__WORK INSTRUCTIONS__
Would you print every entry below exactly as written, omitting the images?

-- MATERIAL SHOWN follows --

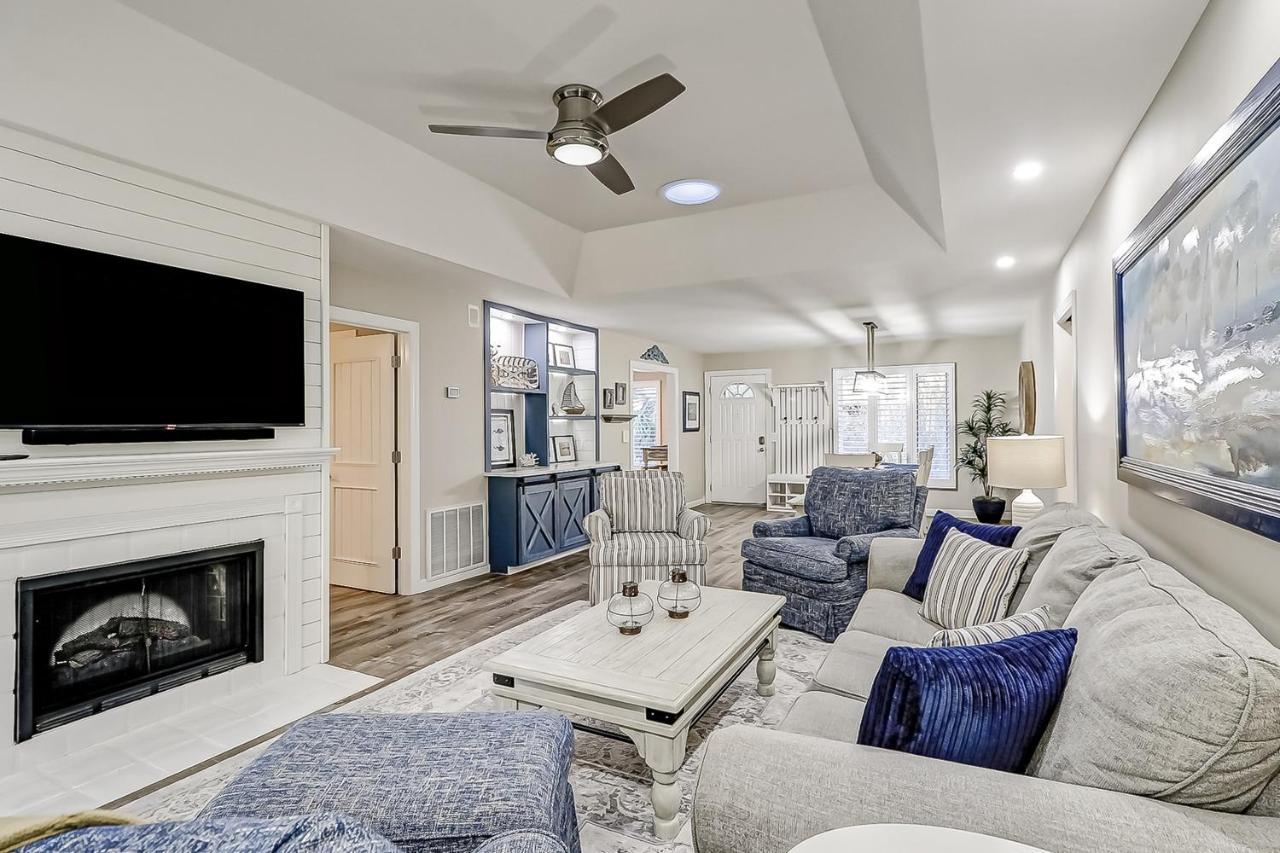 Villa Kingston Cove 27 Hilton Head Island Exterior foto
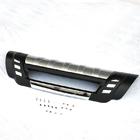 Nissan Qashqai 2007-2010 Heckdiffusor V2 (grauer Kunststoff) Foto 2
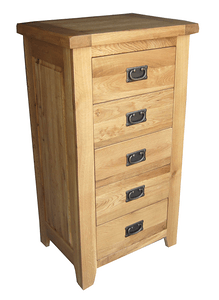 5 drawer chest 5抽屉柜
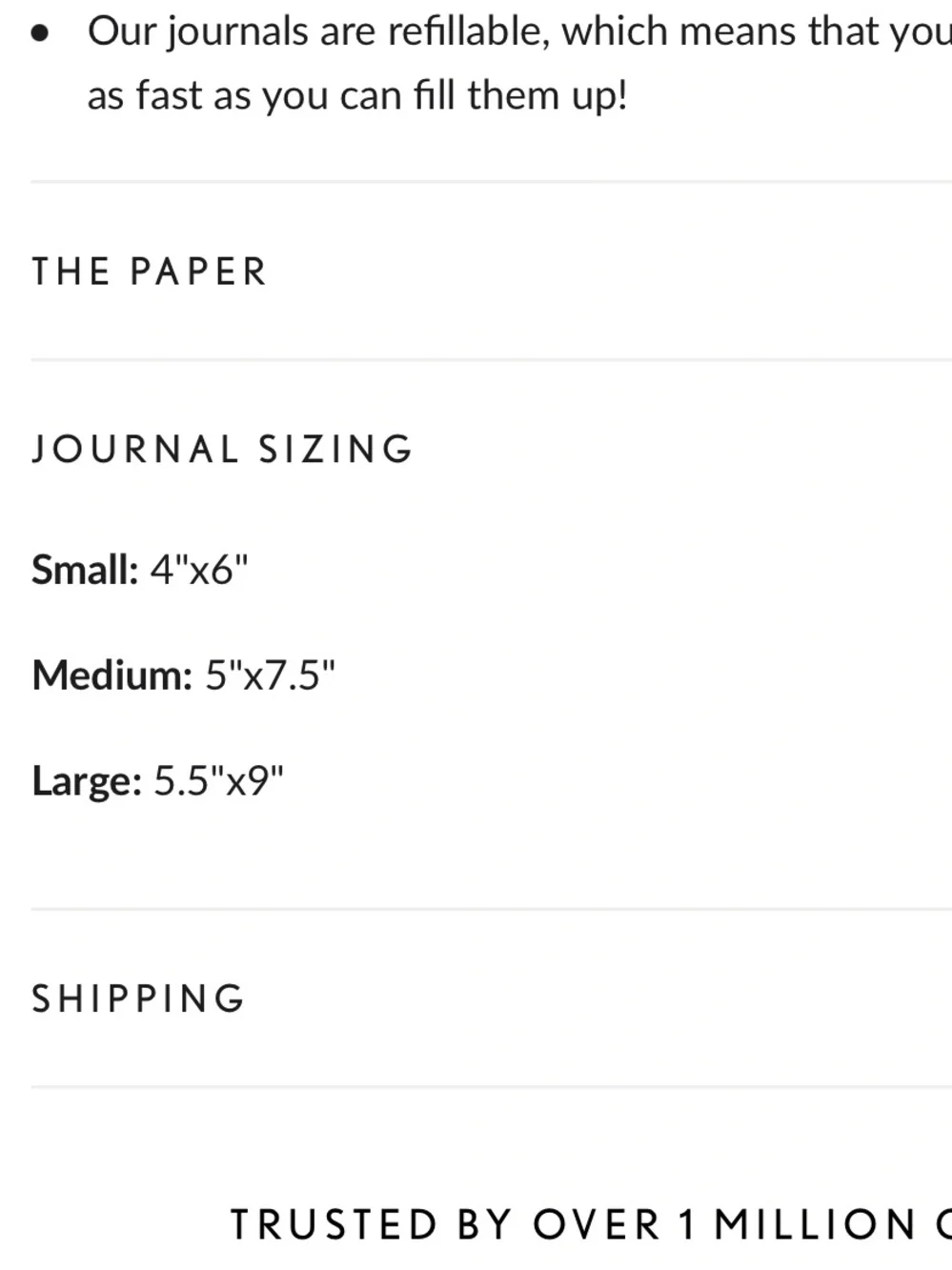 Portland Leather Goods Small Wrap Journal Cowboy Sunset Mystery Box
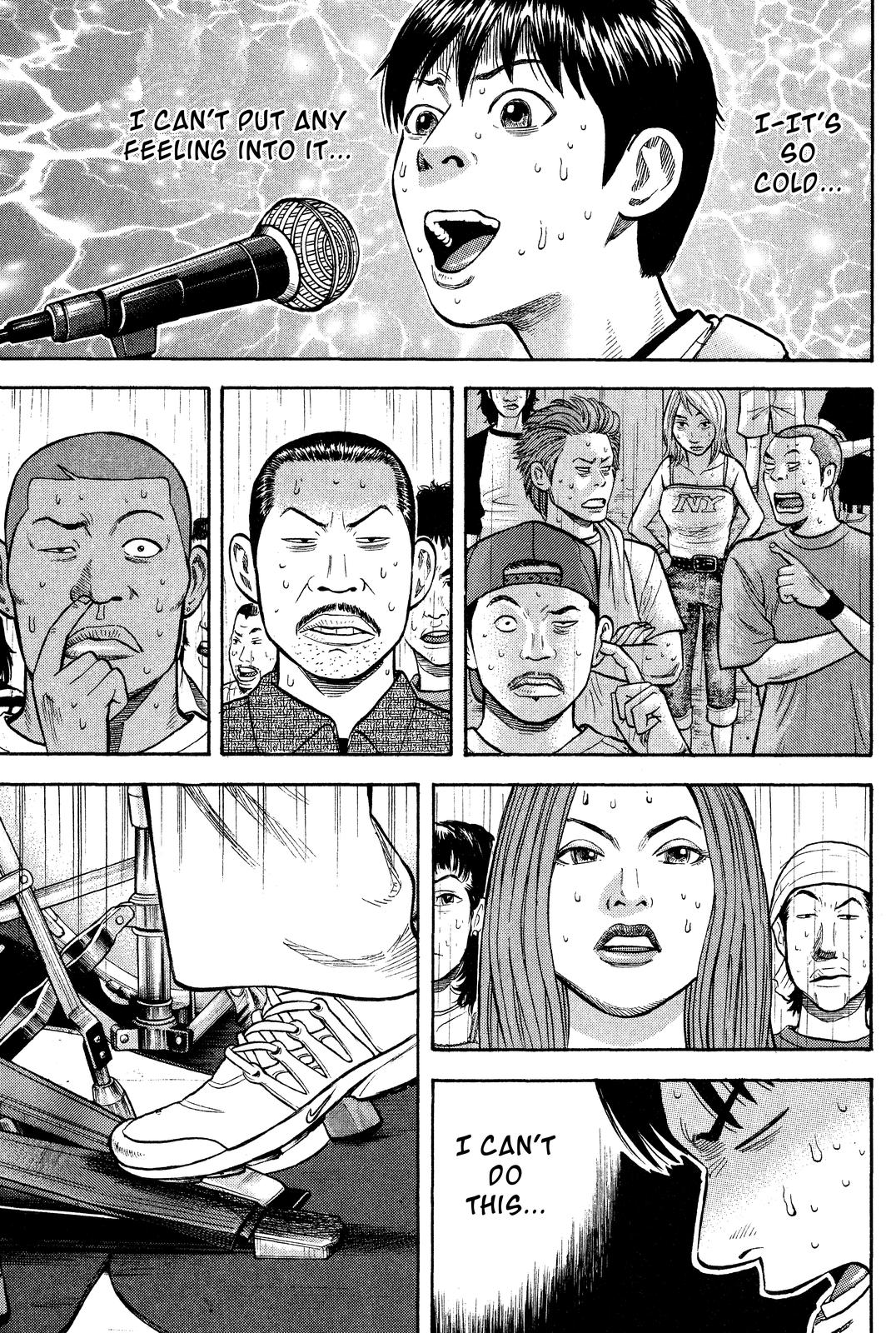 Read Beck En Manga Online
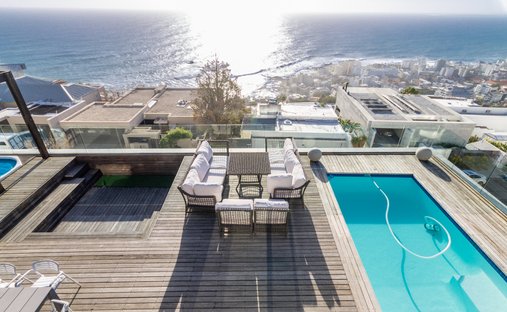 House in Cape Town, Western Cape, South Africa 1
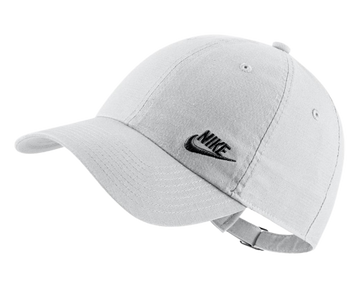 Кепка Nike W NSW H86 FUTURA CLASSIC CAP білий Жін MISC AO8662-101
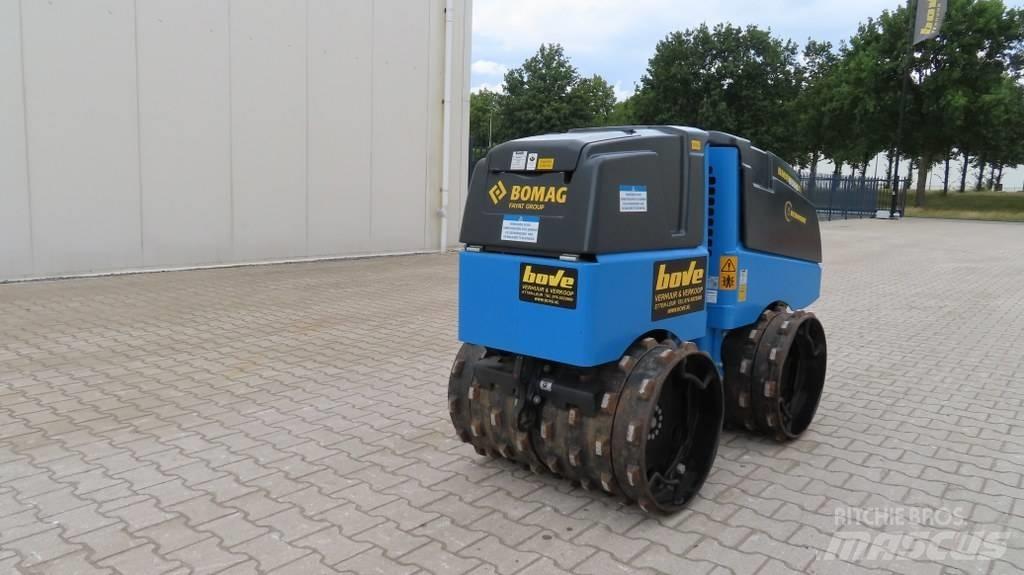 Bomag BMP 8500 Tandem Valser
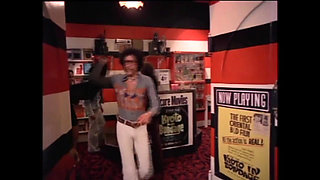 The Sexy Sucker Girl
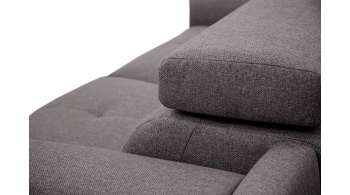 3-Sitzer Relaxsofa mit zwei Relaxfunktionen MATERA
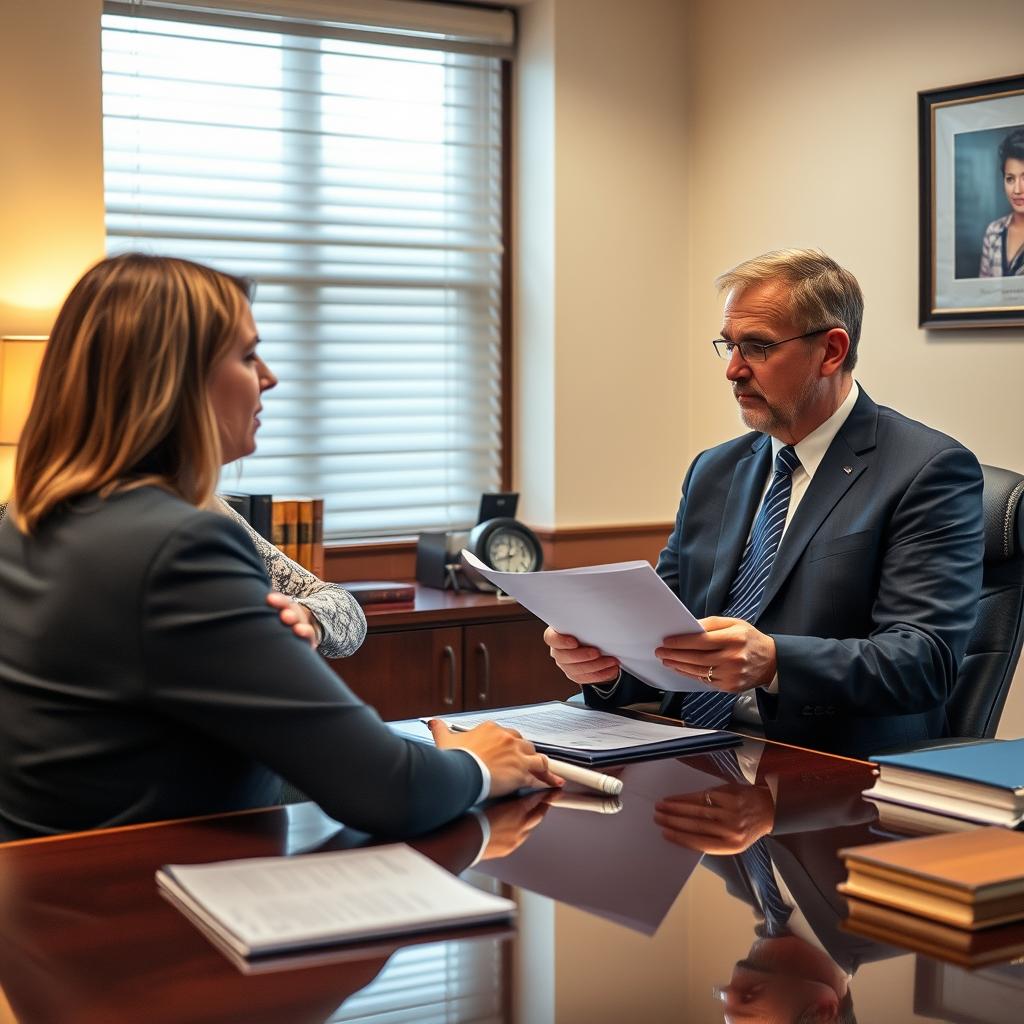 Misprision of a Felony lawyer Chesterfield County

-- MATERIAL SHOWN concluded --

__RESPONSE TO THIS TASK__
 Villa Kingston Cove 27 Hilton Head Island Exterior foto
 Nissan Qashqai 2007-2010 Heckdiffusor V2 (grauer Kunststoff) Foto 2
 5 drawer chest 5抽屉柜
 Portland Leather Goods Small Wrap Journal Cowboy Sunset Mystery Box
 Read Beck En Manga Online
 House in Cape Town, Western Cape, South Africa 1
 Кепка Nike W NSW H86 FUTURA CLASSIC CAP білий Жін MISC AO8662-101
 Bomag BMP 8500 Tandem Valser
 The Sexy Sucker Girl
 3-Sitzer Relaxsofa mit zwei Relaxfunktionen MATERA
 Misprision of a Felony lawyer Chesterfield County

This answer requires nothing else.